The economy would lose some of the "best and brightest graduates" if Britain left the EU, according to new research.

Students from the EU are more likely to achieve first class degrees and earn a high salary, a report by the Institute for Social and Economic Research found.

Study author Dr Renee Luthra told The Observer that a vote to leave "would almost certainly reduce the flow of these high-performing students".

Dr Luthra and her colleague Greta Morando used data from the Destination of Leavers from Higher Education survey and found that undergraduates from the EU were 50% more likely to obtain a first class degree than their British classmates.

They are also more than twice as likely to continue with postgraduate study.

Although EU students make up only 5% of undergraduates in the UK, one in eight research students are from the EU.
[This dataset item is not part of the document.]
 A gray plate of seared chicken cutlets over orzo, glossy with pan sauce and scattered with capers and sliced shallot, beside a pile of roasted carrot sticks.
Of those, two thirds are in science, technology, engineering and maths (STEM) which Dr Luthra described as "of vital importance to the UK economy".

She said: "The EU students at UK universities are clearly the best and the brightest in their class - on the whole their achievements outstrip their British classmates and they represent a significantly well-qualified group of graduate workers entering the UK workforce.

"This is especially true of undergraduates, as those EU students who study and remain in the UK to work are very high-performing. These undergraduates will be having a very positive impact on UK industry."

She added: "The uncertainty surrounding a vote to leave the EU would almost certainly reduce the flow of these high-performing students, particularly in the short-term transition period."